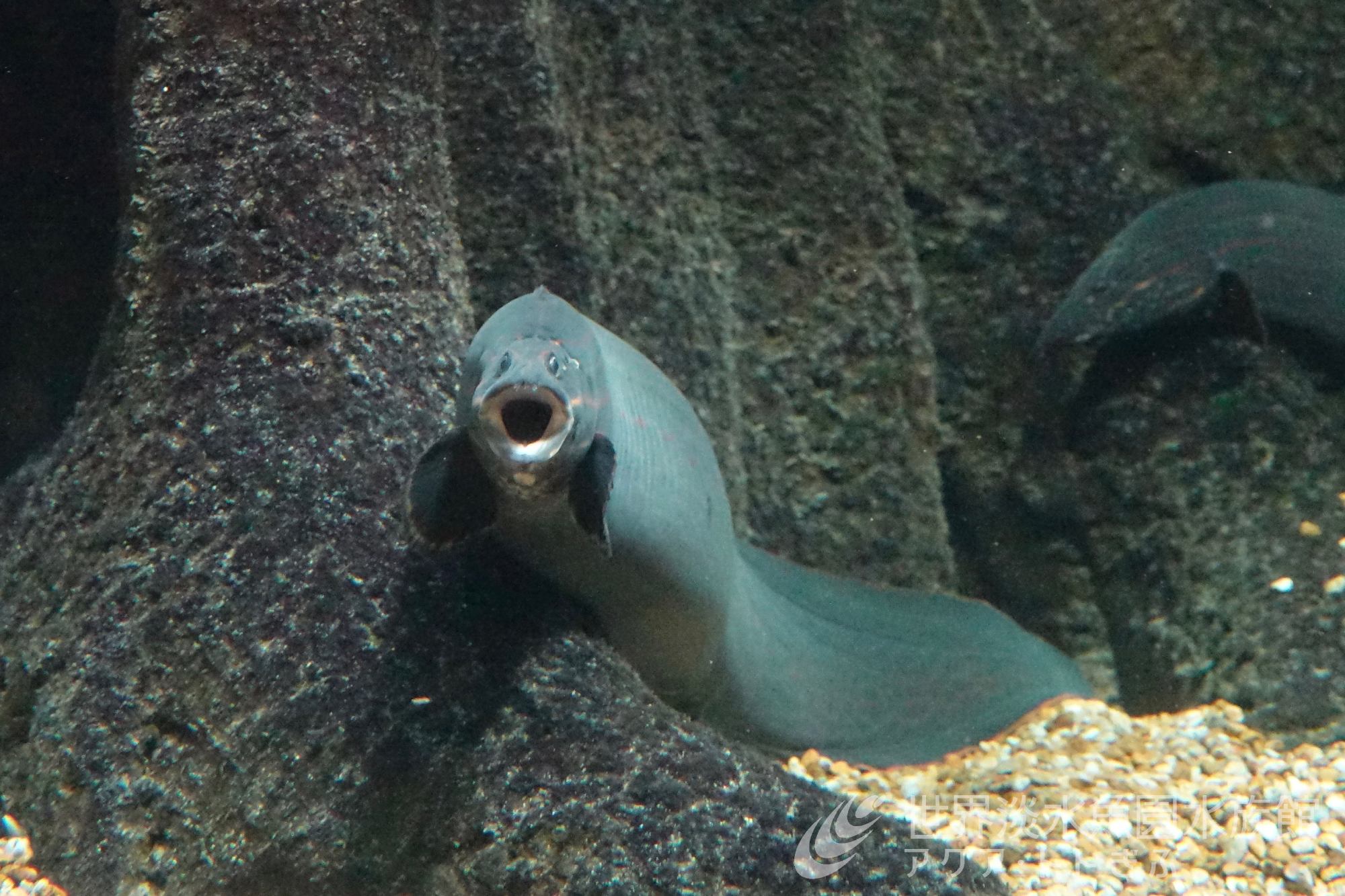 魚病闘病日記パート⑦（ファイヤースパイニィイールの寄生虫）｜世界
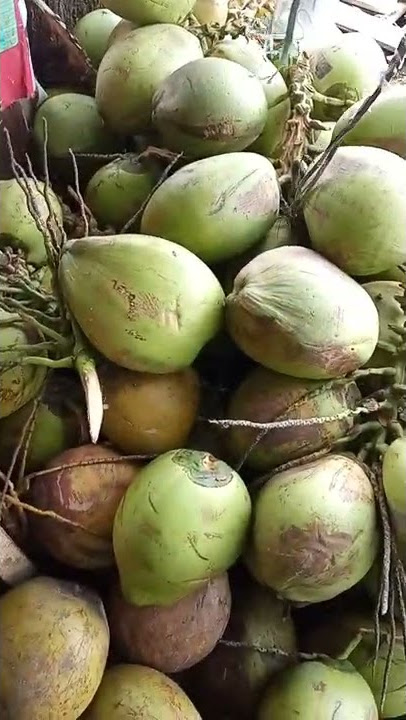 minum es kelapa muda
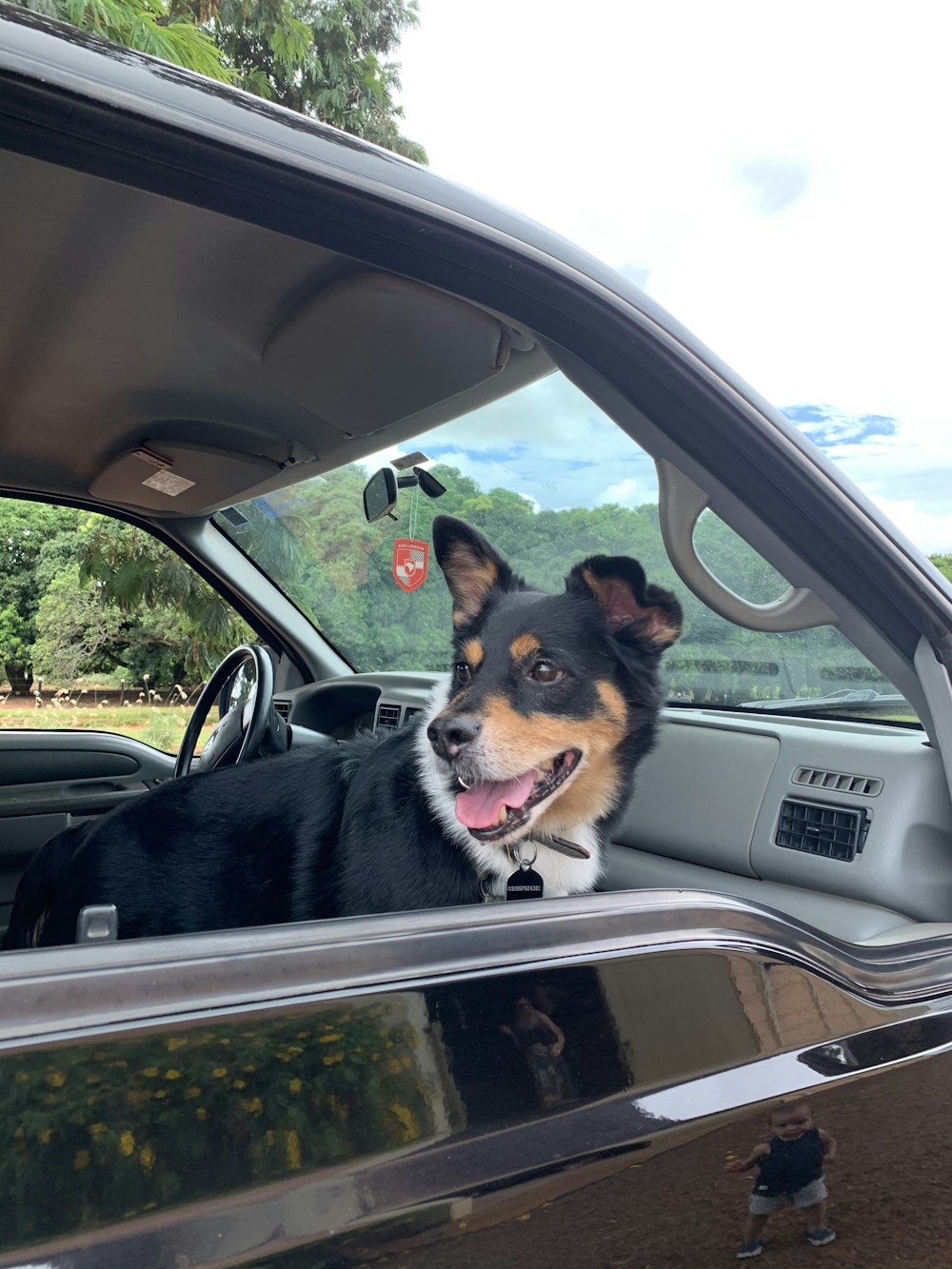 black and brown short coated dog inside car during daytime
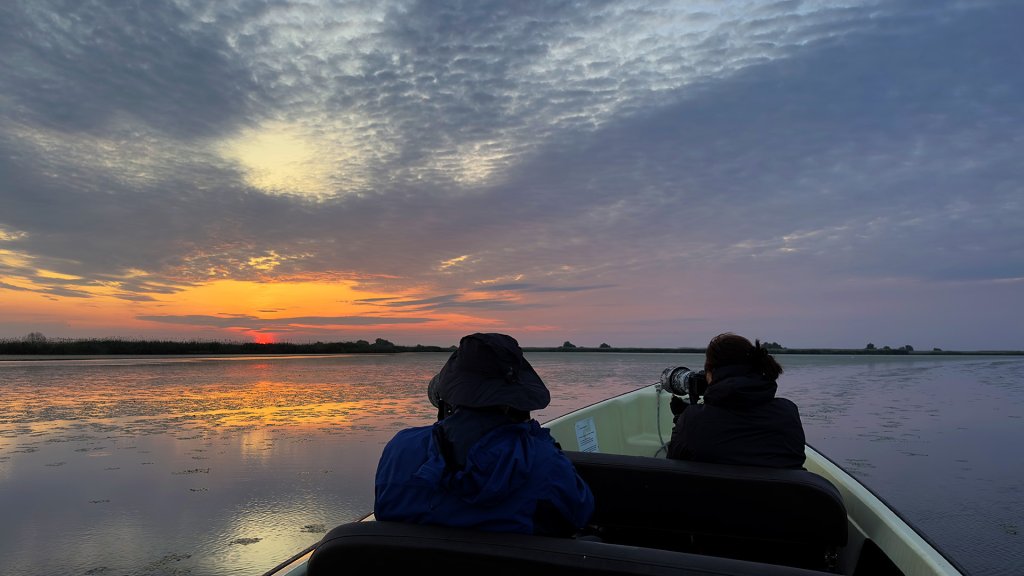 Birdwatching Day Trip To The Danube Delta - Privat | Image #6/6 | 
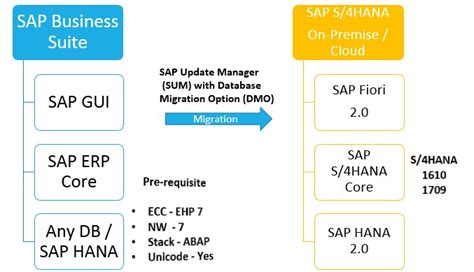 Smart Shift Sap S Hana Migration Entune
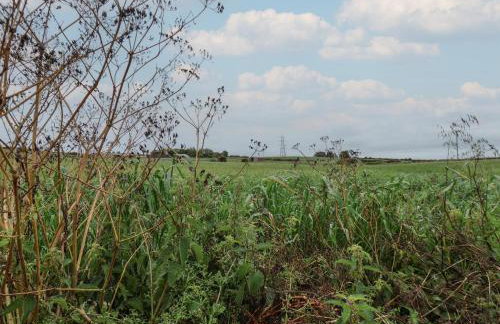 North Terrace - Foto 24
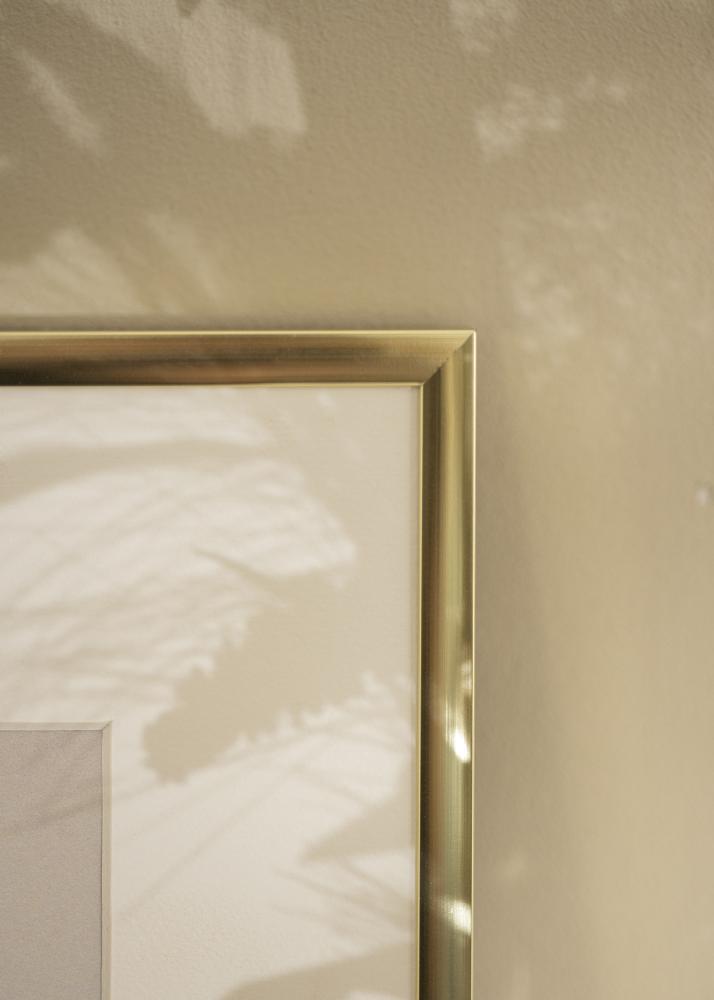 Raam Plakat Frame Aluminum Gold 60x80 cm - paspartuu valge 50x70 cm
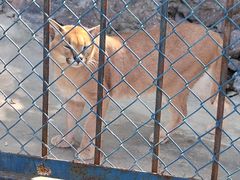 -大连森林动物园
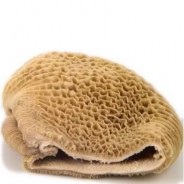 Bucho de Boi - COD.8085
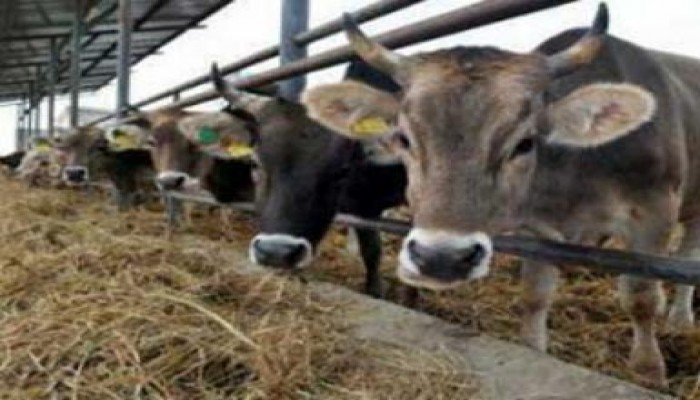 الصحة: لاتوجد حالات "حمى قلاعية" بين المواطنين في مصر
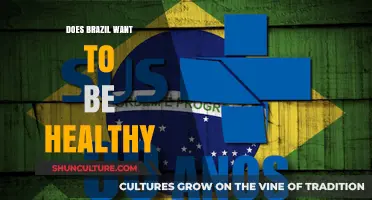 Brazil's Health Quest: Priorities, Challenges, and Cultural Influences Explored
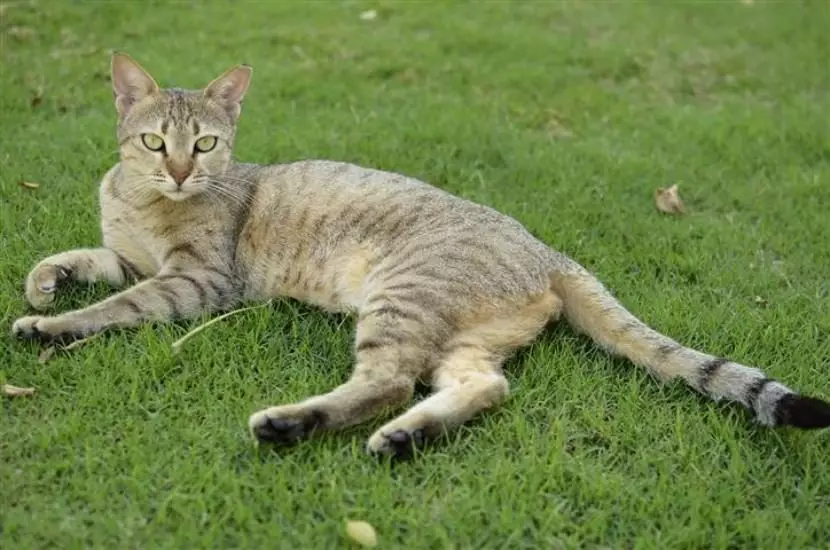 Cats of Breed Arabian Mau (17 wêne): Danasîn, taybetmendiyên lênêrîna ji bo pisîkên mezin û kîtan 22538_2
++++++++++
§ **EXERCISE GOAL**: Without including any picture, set down every line above exactly as it stands.

§ **RESPONSE**:
 魚病闘病日記パート⑦（ファイヤースパイニィイールの寄生虫）｜世界
 minum es kelapa muda
 black and brown short coated dog inside car during daytime
 Birdwatching Day Trip To The Danube Delta - Privat | Image #6/6 | 
 Smart Shift Sap S Hana Migration Entune
 North Terrace - Foto 24
 Raam Plakat Frame Aluminum Gold 60x80 cm - paspartuu valge 50x70 cm
 -大连森林动物园
 Bucho de Boi - COD.8085
 الصحة: لاتوجد حالات "حمى قلاعية" بين المواطنين في مصر
 Brazil's Health Quest: Priorities, Challenges, and Cultural Influences Explored
 Cats of Breed Arabian Mau (17 wêne): Danasîn, taybetmendiyên lênêrîna ji bo pisîkên mezin û kîtan 22538_2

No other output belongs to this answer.